Это вполне вероятно. Дата 1351 г. появляется только на одной из карт в легенде к лунному календарю, что, разумеется, представляется весьма шатким доказательством. Автор разделяет сомнение по поводу датировки атласа и присоединяется к предположению Визера, что Лаврентийская карта составлена на основе карты мира В ирги от 1415 г.
Хотя Гвинея уже на Лаврентийском портулане 1351 г. (как и на карте Пицигано от 1367 г. и Каталонской карте мира от 1375 г.) названа Гануей, отсюда еще нельзя делать вывод, что мыс Бохадор был обойден до 1434 г.
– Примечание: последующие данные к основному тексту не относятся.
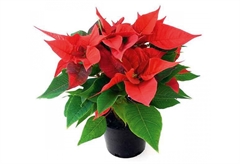 Αλεξανδρινό 30-40cm σε Γλάστρα 1.3L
Ведь сведения о Гвинее, несомненно, получены благодаря сухопутным связям с областью Нигера (см. т. III, гл. 127, 146, 148), а не в связи с морскими плаваниями. От побережья Северной Африки и от Уэд-Дра («Золотой реки»; см. т. III, гл. 146) направлялись караваны в золотоносные области на верхнем Нигере и в Сенегал, где находилось легендарное царство Мали, считавшееся подлинным Эльдорадо. Еще в XI в. арабу ал-Бакри была известна «золотая дорога» к устью Уэд-Дра (см. т. III, стр. 277), а на портулане Вальсекуа от 1439 г. на том месте, где эта река достигает моря, стоит характерная надпись: «Данный проход называется долиной Дра и долиной Сус. Этой дорогой следуют купцы, которые хотят попасть в Мелли».
Всеми сообщениями о Западной Африке, фигурирующими на портуланах к картах мира, составленных до Генриха, мы, несомненно, обязаны только путешественникам и купцам, следовавшим по сухопутью, а отнюдь не морякам. Замечательно верное изображение очертаний Южной Африки на Лаврентийском портулане от 1351 г. можно объяснить только использованием других источников, о которых уже говорилось в гл. 162.